Пятисотлетняя война в России. Книга первая - страница 36
Треть населения Империи живет с клеймами, как собственный скот, чтобы не бежали и не эмигрировали. Уничтожается последняя вольница в Запорожской сечи, а крепостное право распространяется на Украину. Императрица издает указ о вольности дворянства и выносит смертный приговор Радищеву за книгу, в которой пастельными тонами живописуется истинное политическое и моральное состояние страны.
«Со временем история оценит влияние ее царствования на нравы, — отметит Пушкин, — откроет жестокую деятельность ее деспотизма под личиной кротости и терпимости, народ, угнетенный наместниками, казну, расхищенную любовниками, покажет важные ошибки ее политической экономии, ничтожность в законодательстве, отвратительное фиглярство в сношениях с философами ее столетия, — и тогда голос обольщенного Вольтера не избавит ее славной памяти от проклятия России».
В эпоху Екатерины начальником Тайной канцелярии (названной «экспедицией»), как мы уже упоминали, был ученик и соратник генерала Ушакова — Степан Шешковский. Кнут, плети, палки, просто избиения на допросах были совершенно обычным явлением. Современники боялись Шешковского как огня, нисколько не меньше, чем его страшных предшественников.
Обычно Шешковский начинал допрос с неожиданного удара допрашиваемого тростью по лицу, чтобы «привести в изумление». Современники вспоминают, что сам Шешковский мастерски, демонстрируя старую выучку, работал кнутом и плетьми с элементами даже некоторого артистизма. Был он чрезвычайно набожен. Камера пыток была сплошь уставлена иконами, перед которыми под стоны и крики терзаемых Шешковский с умилением читал акафисты сладчайшему Иисусу. Многие не выдерживали пыток и «испускали дух», по выражению историка. С оставшихся в живых бралась «под страхом смертной казни» подписка, подтвержденная клятвой, что они обязуются никому, ни при каких обстоятельствах не разглашать того, что с ними делали в Тайной экспедиции.

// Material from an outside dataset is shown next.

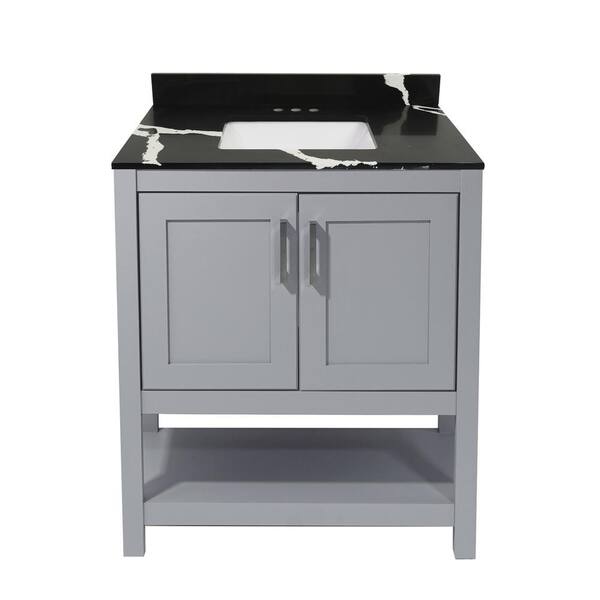 Amluxx Tufino 25 in. W x 19 in. D Bath Vanity in Gray with Quartz Stone Vanity Top in Calacatta Black with White Basin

Вместе с тем Шешковский вел и научную работу: впервые в истории России (а, возможно, и мира) разработал систему жесточайших пыток, не оставляющих видимых следов, но превращающих пытуемого в физического и психического инвалида. Эта система с успехом применяется и до наших дней. Радищев потерял сознание только от одного известия, что его будет допрашивать Шешковский.

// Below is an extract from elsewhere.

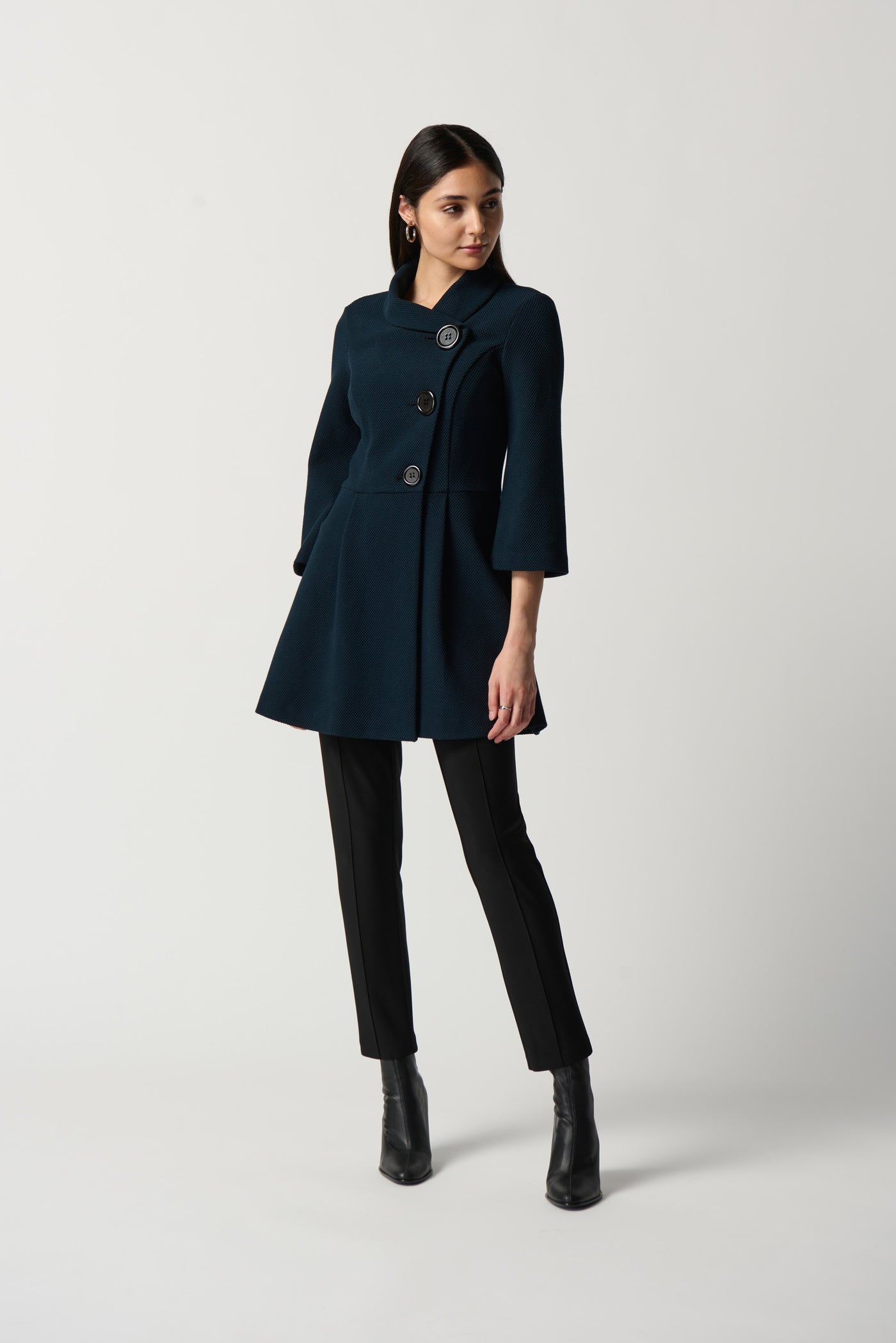 Joseph Ribkoff Textured Jacquard Peplum Coat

Имея почти неограниченные полномочия, Шешковский по вечерам ходил по некоторым частным домам и порол плетьми хозяев, попавшихся на какой-нибудь либеральной болтовне. Екатерина повсеместно поощряла подобную деятельность службы безопасности.
Окунувшись в русскую войну, она быстро растеряла свои либеральные взгляды, отличаясь от Анны Иоанновны разве что знаниями иностранных языков и большей хитростью. Жестоко преследовалась какая-либо критика, а тем более насмешка над самой императрицей или ее фаворитами. Две молодые фрейлины, нарисовавшие карикатуру на Потемкина, были публично выпороты. Запретив графине Брюс встречаться с одним из придворных, императрица как-то застала молодых людей вдвоем и приказала тут же, на ее глазах, выпороть плетьми обоих.

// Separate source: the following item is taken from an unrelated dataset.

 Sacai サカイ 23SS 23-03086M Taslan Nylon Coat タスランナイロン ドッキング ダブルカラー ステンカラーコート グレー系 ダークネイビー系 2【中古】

Однажды Екатерине донесли, что жена генерала Кожина позволила себе произнести в обществе не сколько неосторожных слов. Императрица написала Шешковскому: «Она (Кожина) всякое воскресение бывает в публичном маскараде, пожалуйте (туда) сами и, взяв ее оттуда в Тайную экспедицию, телесно накажите и обратно туда же доставьте со всею благопристойностью».
Если такое творилось наверху, то можно себе представить, что происходило внизу, когда ни чины, ни титулы, ни высочайшие указы о «вольности дворянства» не давали никаких гарантий личной неприкосновенности и безопасности.
«Историю жизни Екатерины можно разделить на две части: частные преступления и публичные злодеяния», — подводит итог этому царствованию историк.
Но надо отдать должное этой женщине: втянутая в войну в чужой стране, ориентируясь на ходу, она прекрасно пользовалась методикой, чередуя террор и внешние войны. Сместив центр тяжести русской экспансии на юг и ослабив давление на Европу, она тем не менее сумела уничтожить Польшу как государство, на что, как на первоочередную задачу, указывал из могилы Петр I.